Similar systems in the science world and a couple of questions

259 views

Skip to first unread message

Brian Van Klaveren

unread,

Feb 22, 2017, 9:14:22 PM2/22/17

to Upspin

Hi Upspin,

I've been working on a similar system (github.com/slaclab/datacat), which provides a global namespace for distributed files and replicas. It's functionality and intent actually overlaps a bit with both upspin and and Goods, though it doesn't really handle the data access mechanisms directly. Something like datacat plus Globus/GridFTP (and a bit of glue) might be a closer to Upspin.

There's other similar systems that exist out there for science, most notable is probably IRODS. ATLAS at CERN also has Rucio. DIRAC, a grid computing framework, has one built-in. So does Pegasus WMS. Most of these are all solving similar problems - file replica management and file sharing, and to a lesser extent, data discovery. The confluence between distributed file/replica management and good metadata/provenance support (especially for data discovery) is increasingly important for medium to large science projects, and I think the same is starting to become true for any organization which houses data multiple datacenters and file systems. I realize that's not really the problem you are attempting to solve, but I think there's a lot of common ground.

A couple of questions about Upspin:

* Was AFS was an influence for this project?

* Are permissions checks effectively cached? If so, are they eventually consistent, or do you rely on watches for cache invalidation or something?

Thanks, and I'm very interested in watching how upspin evolves. It's great to see something new!

Brian Van Klaveren

P.S. Hi Rob, I work in Data Management on LSST.

A few additional notes in how datacat is potentially similar/different to upspin:

* ACLs on containers (e.g. folders) only. This is effectively protecting the metadata only, but it could be used by actual data servers.

* We use a similar set of permissions, derived from AFS: read, insert, delete, write, admin (admin allows a user to modify ACLs). Those are only for the metadata operations and have no bearing on underlying data.

* ACLs are valid until overridden

* Groups are possible (we rely on authentication systems to provide a list of groups for a given user). Users are always in a special "public" group, authenticated users are always in a "protected" group.
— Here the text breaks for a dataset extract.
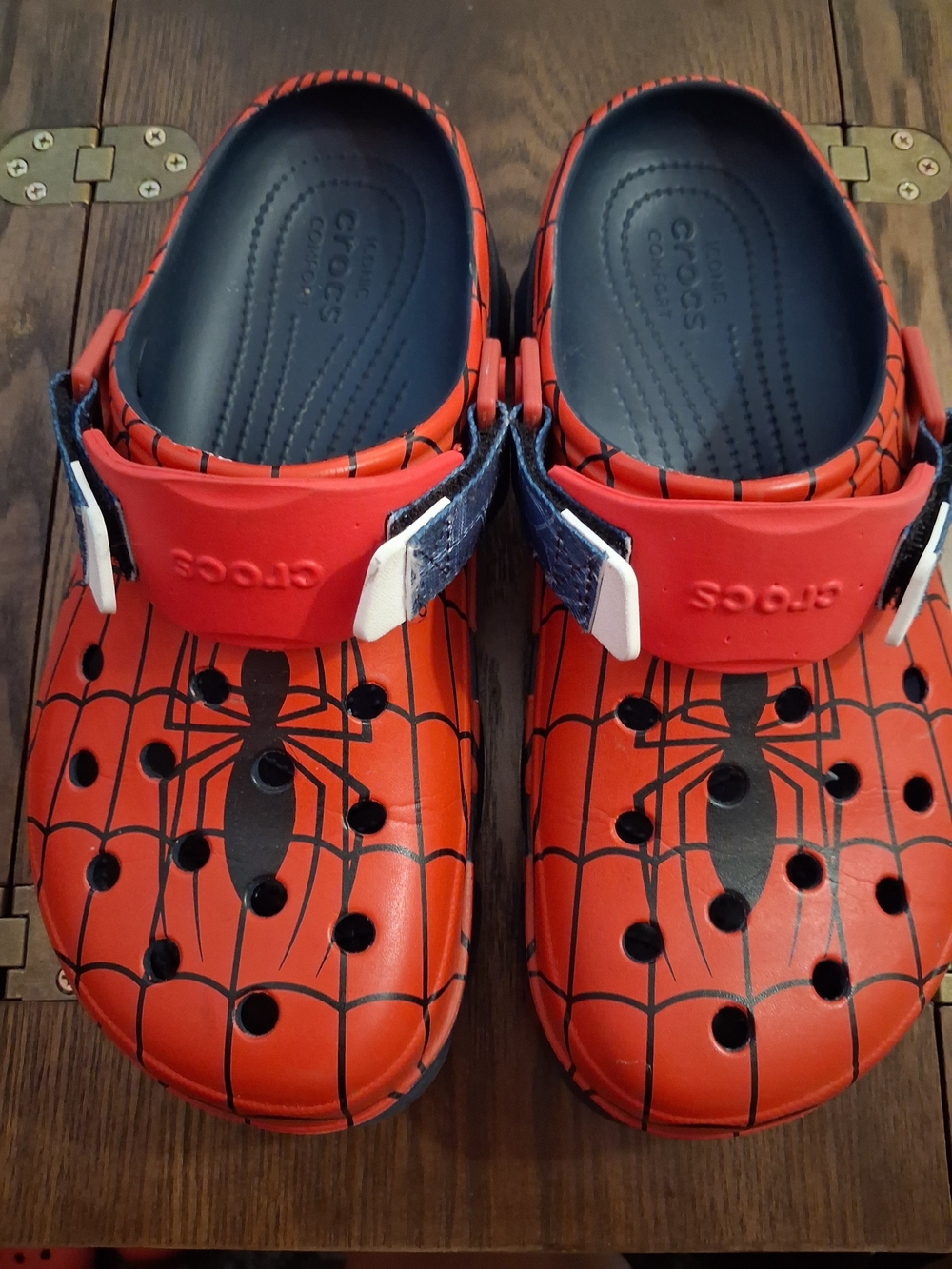 Marvel x Crocs Spiderman Classic All-Terrain Clog M10 W8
A special group is added based on the IP of the originating request.

* Typed metadata, supporting floats, integers, strings, and timestamps.

* A VFS layer does permissions enforcement with a DirCache (permissions are valid for ~30 seconds). That calls into a data store API. The two together seem similar to DirServer. The data store API is currently implemented with a relational database underneath, but really that could be anything.
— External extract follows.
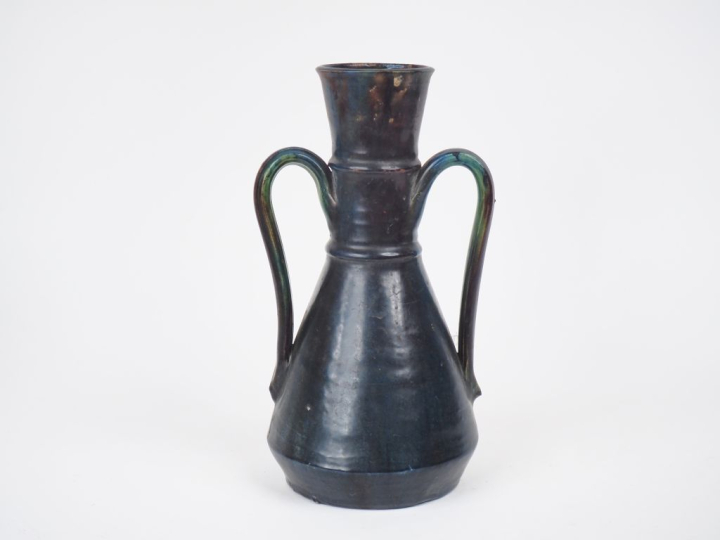Vase à anses début XXème en céramique irisée et noire. H. 25 cm.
* Access to the VFS is performed through a REST API

* A slim python client is written to interact with the REST API.

* We've written file serving proxies which use the REST API and a common authentication mechanism (and/or tokens) to allow users to directly download files from the proxies. Proxies could be deployed at multiple datacenters.

* The server itself never serves data, it's up to clients to determine how best to access the data.

* A prototype PyFUSE module has been written to use the Python Client API and file serving proxies to present a logical file system. Metadata is optionally exposed as extended attributes.

Andrew Gerrand

unread,

Feb 26, 2017, 10:11:23 PM2/26/17

to Brian Van Klaveren, Upspin

Hey Brian, thanks for your interest in Upspin. :-)

On 23 February 2017 at 13:09, Brian Van Klaveren <bri...@stanford.edu> wrote:

* Was AFS was an influence for this project?

Not directly, but it's certainly something we were aware of.

* Are permissions checks effectively cached? If so, are they eventually consistent, or do you rely on watches for cache invalidation or something?

Cached by whom? Usually the directory server that cares about the permissions is also the holder of the Access file. In cases where an Access file refers to a Group file that lives on another DirServer, I think the answer is "eventually consistent."